*EXTRACTED ENTRIES*
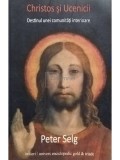 Christos si Ucenicii - Peter Selg, Editura Univers Enciclopedic Gold, Crestinism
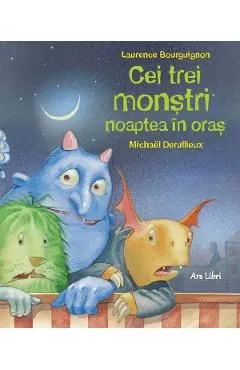 Cei trei monstri, noaptea in oras de Laurence Bourguignon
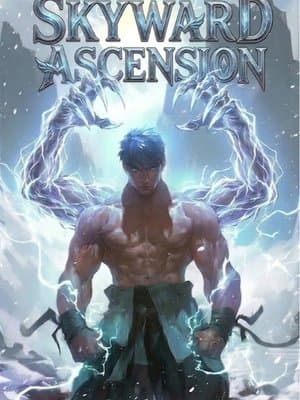Cover of Skyward Ascension [Progression LitRPG Apocalypse]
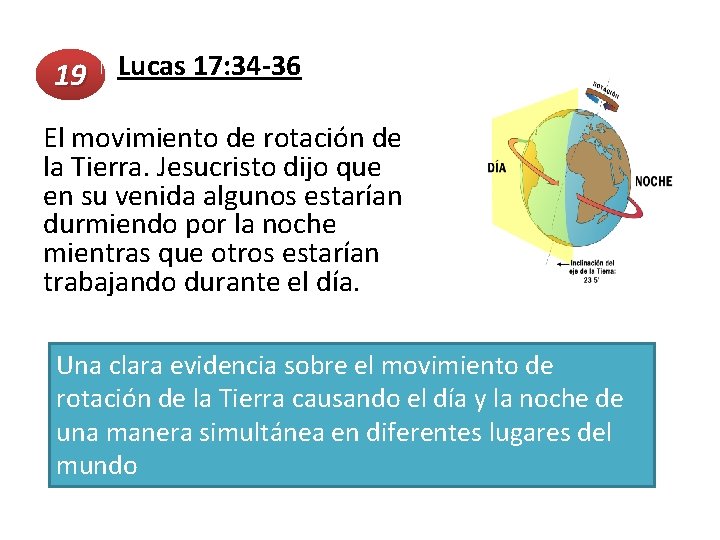  Lucas 17: 34 -36 19 El movimiento de rotación de la Tierra. Jesucristo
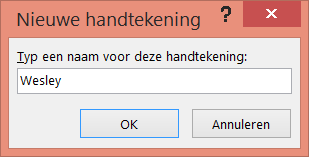 OUTLOOK HANDTEKENING (4) Procedure: Er wordt dan gevraagd een naam in te vullen voor de handtekening Vul bv.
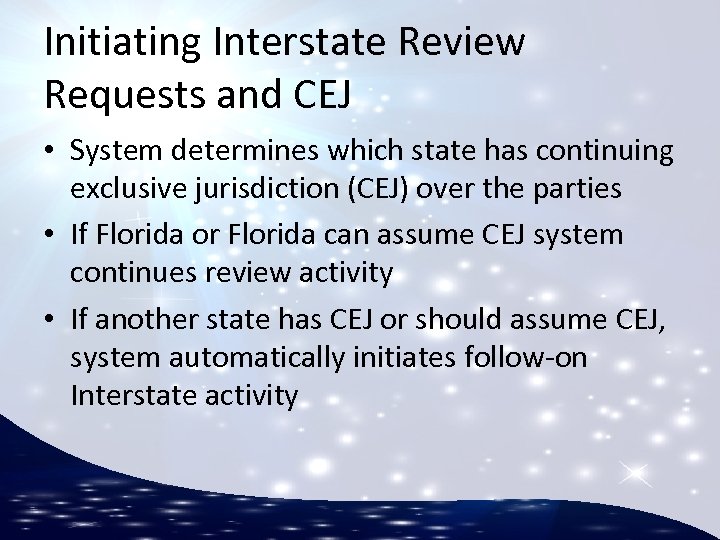 Initiating Interstate Review Requests and CEJ • System determines which state has continuing exclusive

*WHAT NEEDS TO BE DONE*
Your task is to transcribe all of the records precisely, with no images included.

*SOLUTION TO THE PROBLEM*
 Christos si Ucenicii - Peter Selg, Editura Univers Enciclopedic Gold, Crestinism
 Cei trei monstri, noaptea in oras de Laurence Bourguignon
Cover of Skyward Ascension [Progression LitRPG Apocalypse]
  Lucas 17: 34 -36 19 El movimiento de rotación de la Tierra. Jesucristo
 OUTLOOK HANDTEKENING (4) Procedure: Er wordt dan gevraagd een naam in te vullen voor de handtekening Vul bv.
 Initiating Interstate Review Requests and CEJ • System determines which state has continuing exclusive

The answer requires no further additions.